• [TASK ITEM]
Without the pictures, reproduce the entries below exactly.

══ INFORMATION SUPPLIED

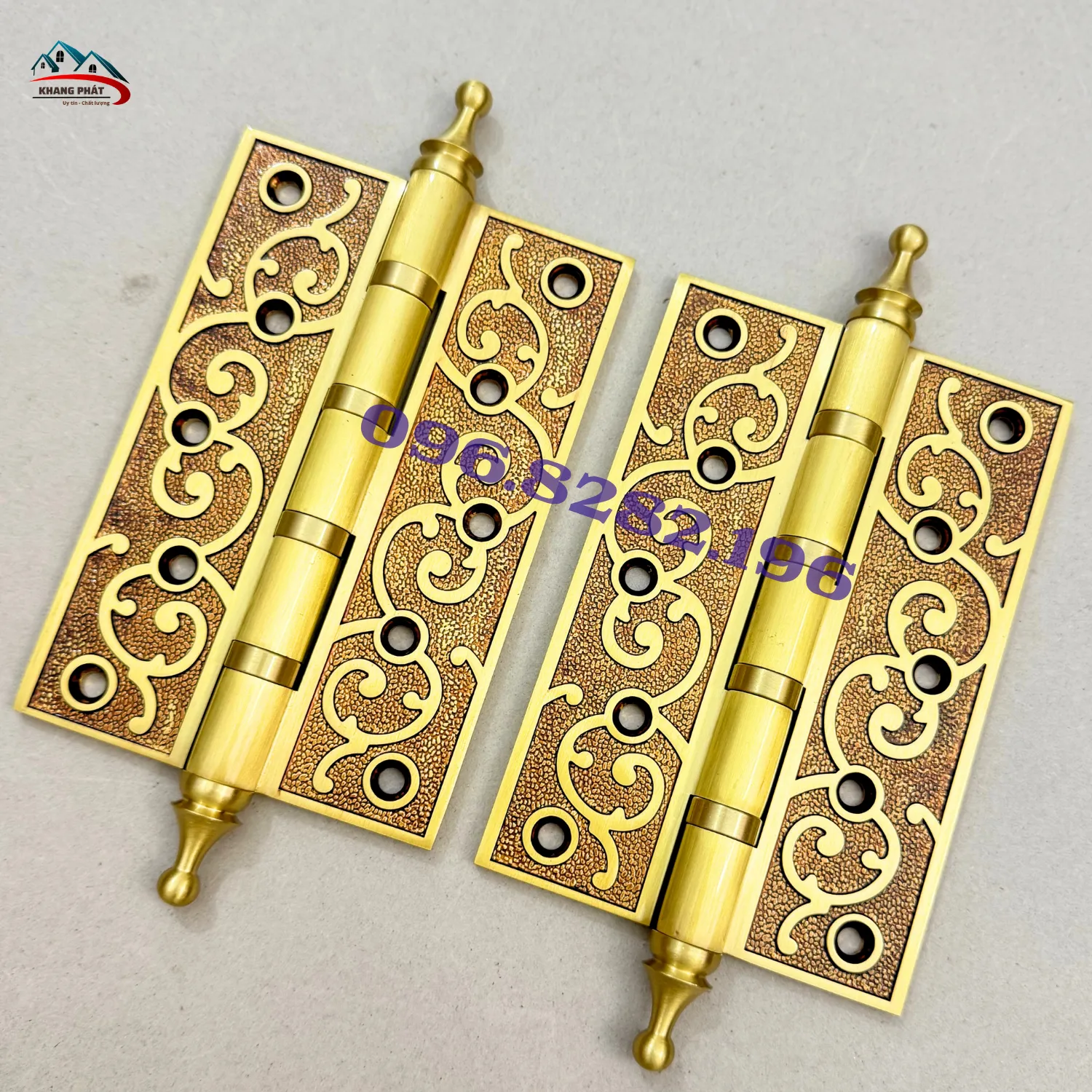 Bản lề đồng hoa văn dây leo dài 15cm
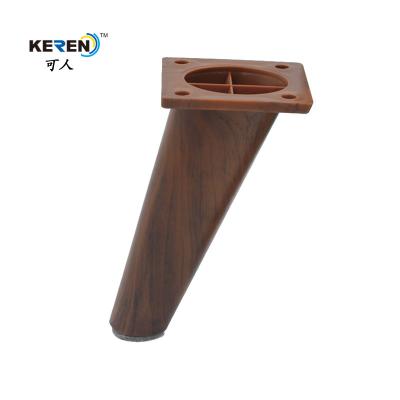 China KR-P0334W2 Angled 6 Inch Replacement Sofa Legs Wood Finished ABS Material Quick Install for sale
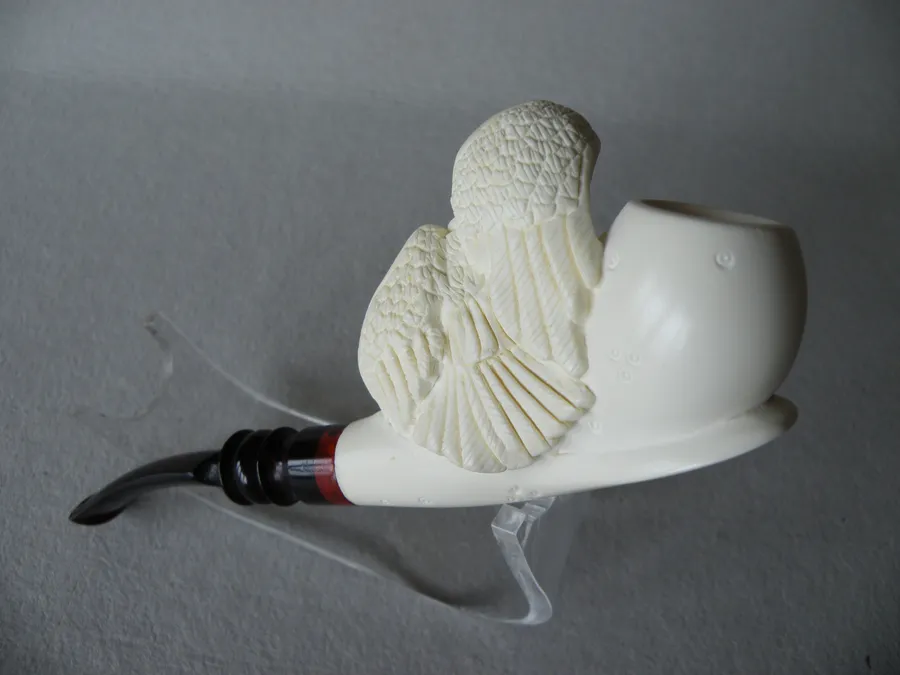 Hand-carved eagle Turkish block meerschaum pipe, product ANI-24
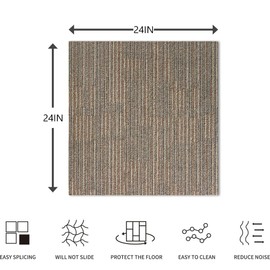 ALTRUISTIC Heavy Duty Commercial Carpet Tiles 24" x 24", 18 Pcs/72 sq ft (FlexLok tabs Included),Non-Slip Soft Square Carpet Floor Tile for Office Bedroom Living Room Kitchen Garage Gym (Khaki)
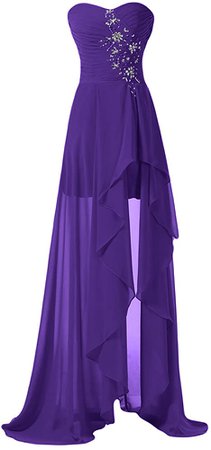Amazon.com: Laceshe High Low Strapless Chiffon Bridesmaid Evening Dresses Prom Gowns Long Size 4- Purple: Clothing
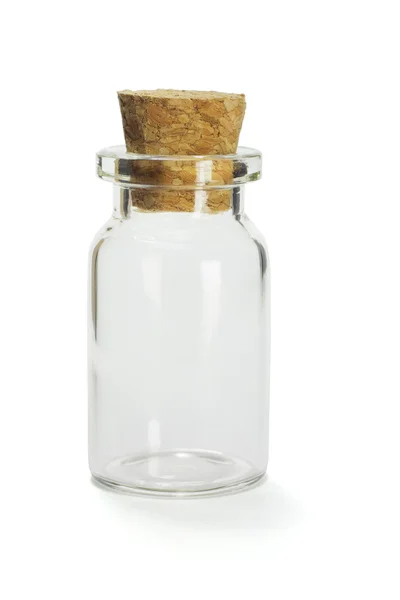 Mini leeg glas container — Stockfoto
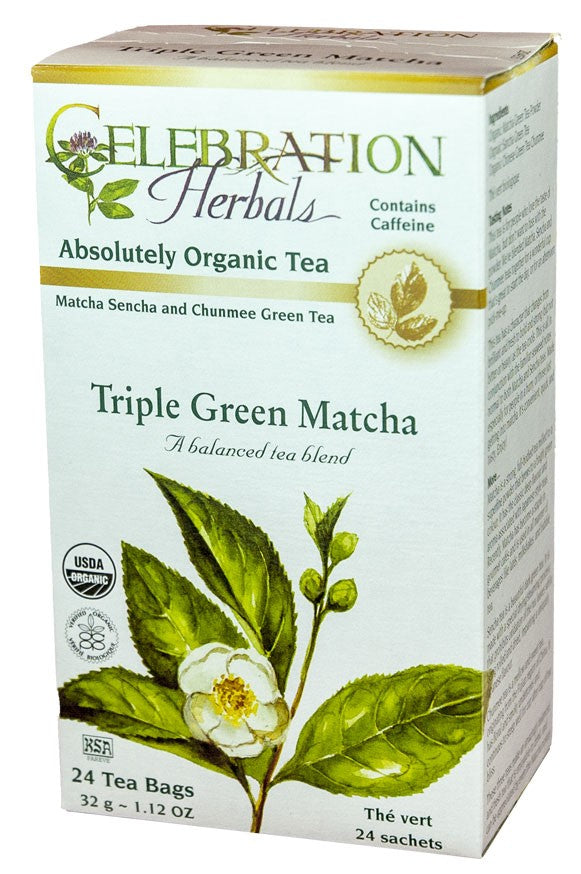 CELEBRATION HERBALS TEA TRIPLE GREEN MATCHA TEABAGS 24CT ORGANIC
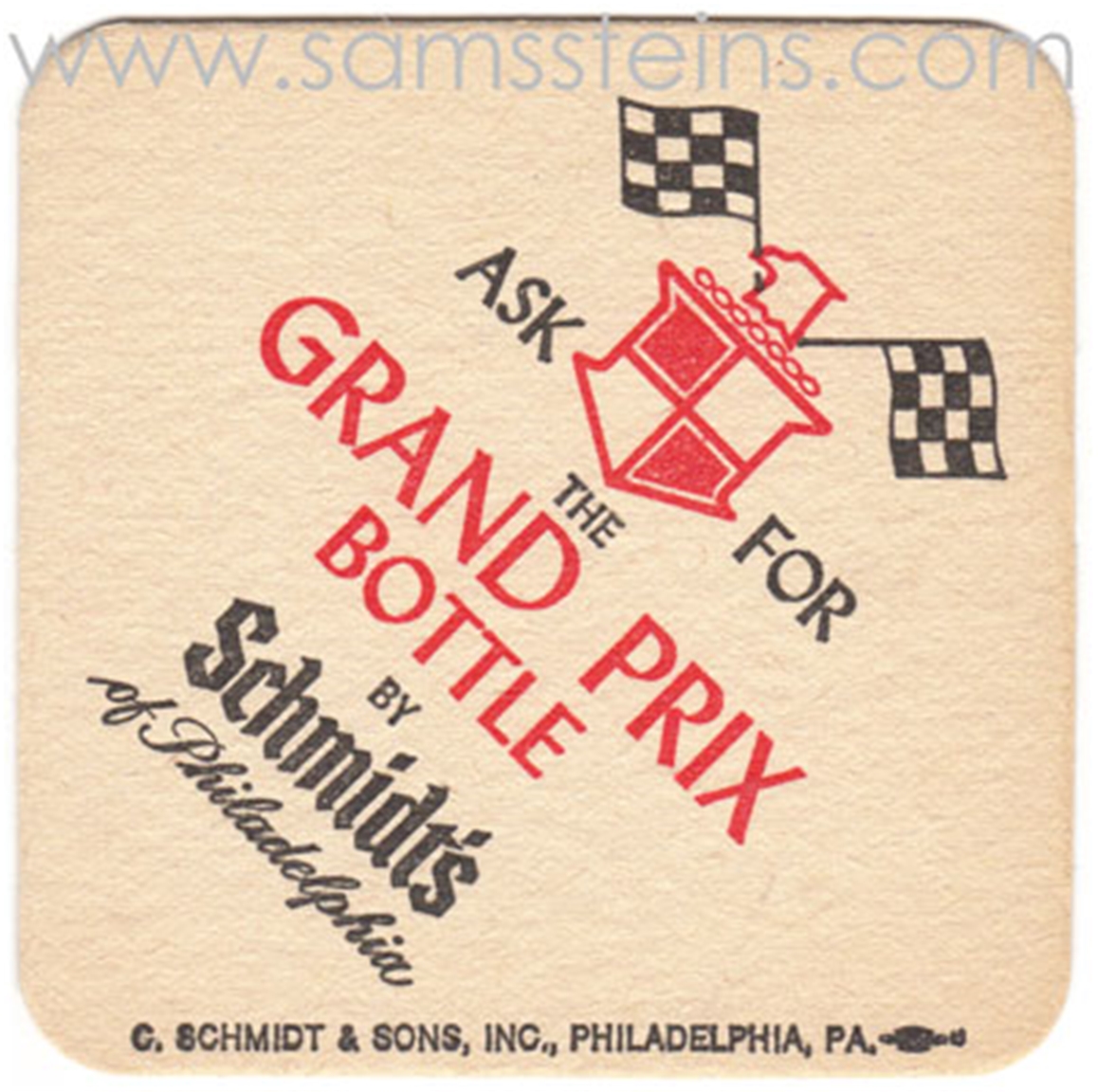 Schmidt's Grand Prix Beer Coaster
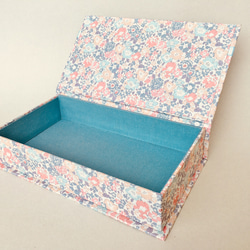 リバティプリントのブック型BOX（pale blue） 4枚目の画像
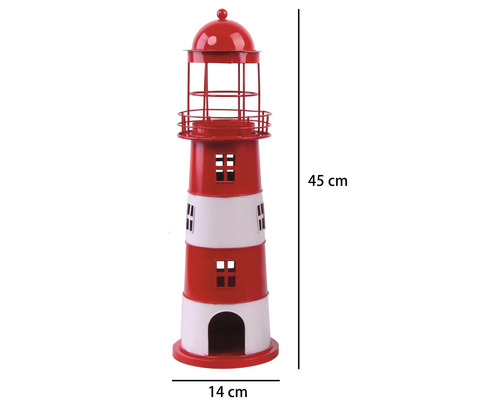 Phare décoratif en métal rouge et blanc, hauteur 45 centimètres, largeur 14 centimètres.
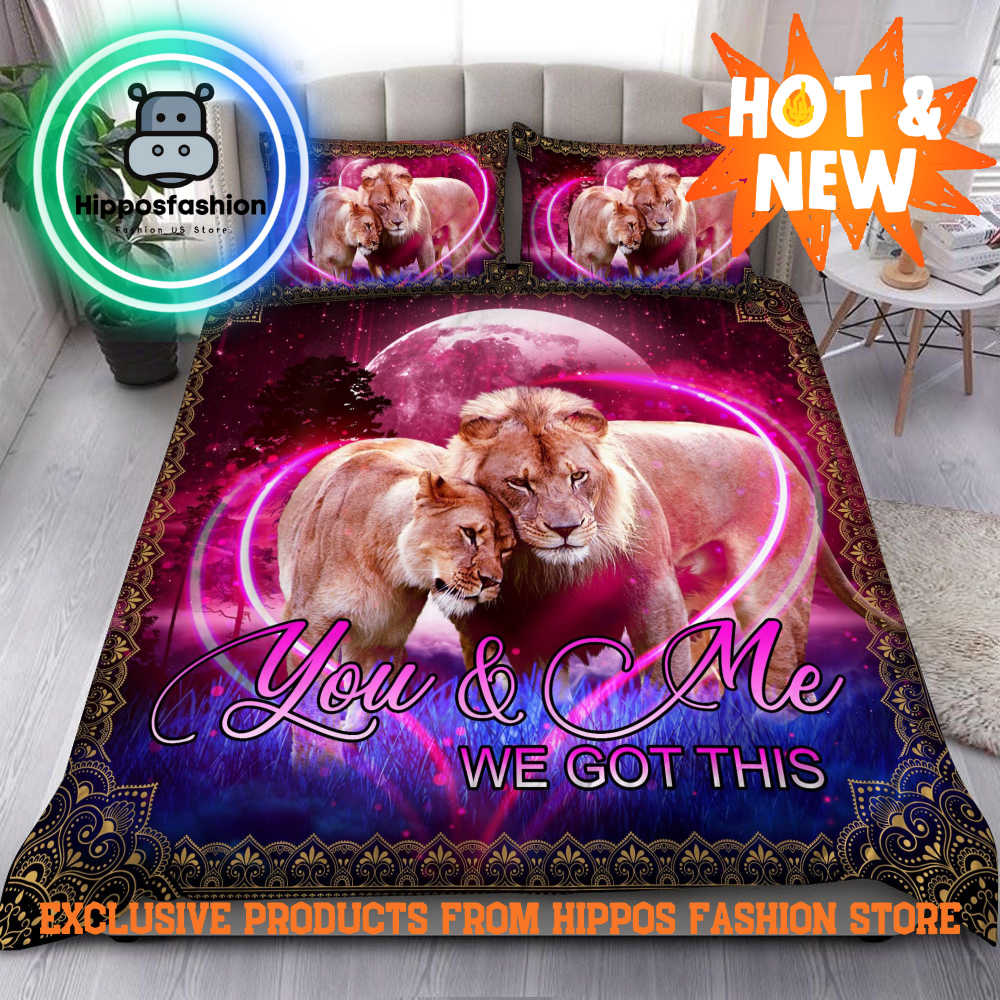 Couple Lion All Over Printed Bedding Set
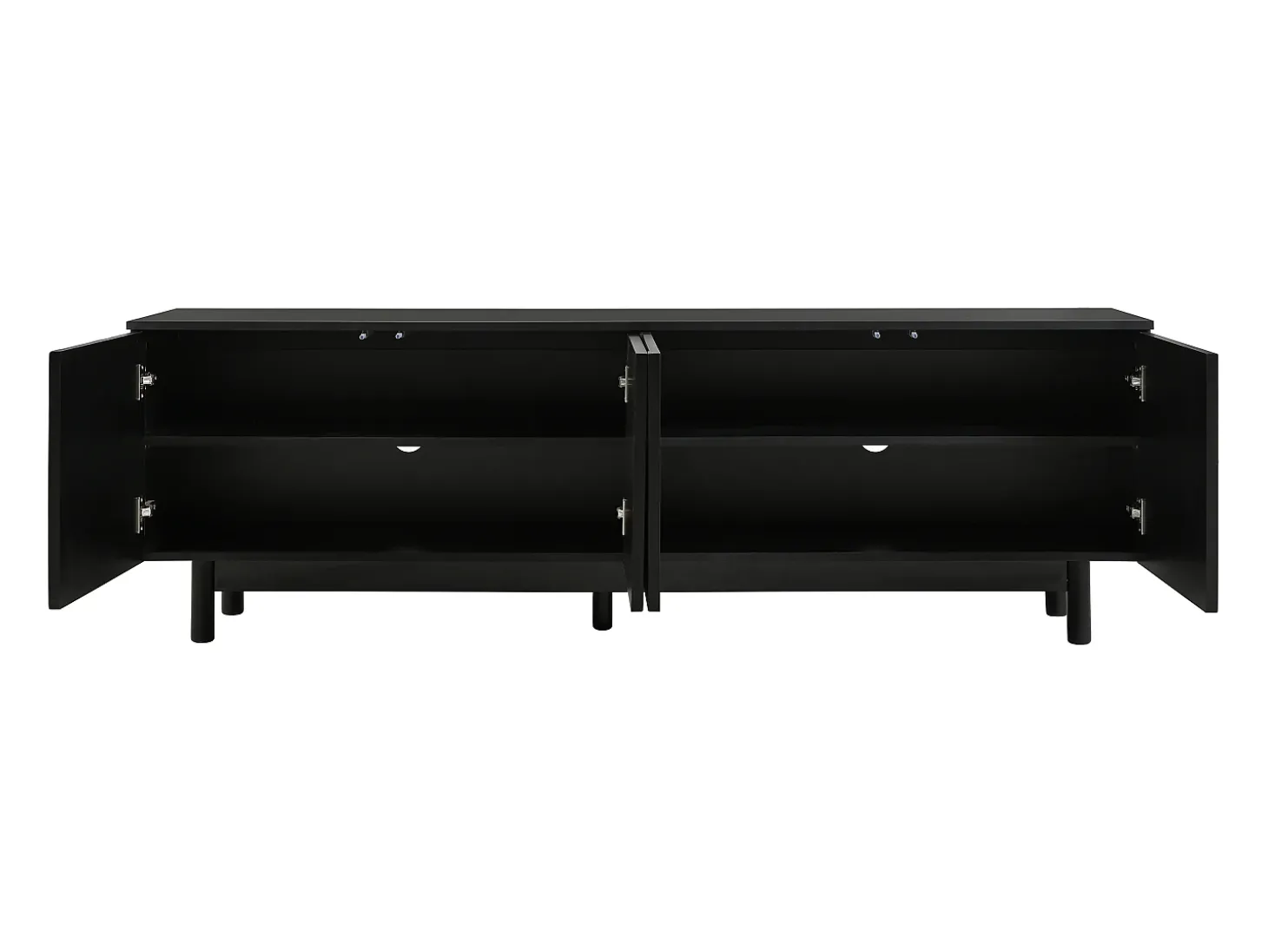 Móvel de TV moderno preto com 4 portas - prateleira ajustável - Preto 175 x 38 x 56 cm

════

• [TASK RESULT]
 Bản lề đồng hoa văn dây leo dài 15cm
 China KR-P0334W2 Angled 6 Inch Replacement Sofa Legs Wood Finished ABS Material Quick Install for sale
 Hand-carved eagle Turkish block meerschaum pipe, product ANI-24
 ALTRUISTIC Heavy Duty Commercial Carpet Tiles 24" x 24", 18 Pcs/72 sq ft (FlexLok tabs Included),Non-Slip Soft Square Carpet Floor Tile for Office Bedroom Living Room Kitchen Garage Gym (Khaki)
Amazon.com: Laceshe High Low Strapless Chiffon Bridesmaid Evening Dresses Prom Gowns Long Size 4- Purple: Clothing
 Mini leeg glas container — Stockfoto
 CELEBRATION HERBALS TEA TRIPLE GREEN MATCHA TEABAGS 24CT ORGANIC
 Schmidt's Grand Prix Beer Coaster
 リバティプリントのブック型BOX（pale blue） 4枚目の画像
 Phare décoratif en métal rouge et blanc, hauteur 45 centimètres, largeur 14 centimètres.
 Couple Lion All Over Printed Bedding Set
 Móvel de TV moderno preto com 4 portas - prateleira ajustável - Preto 175 x 38 x 56 cm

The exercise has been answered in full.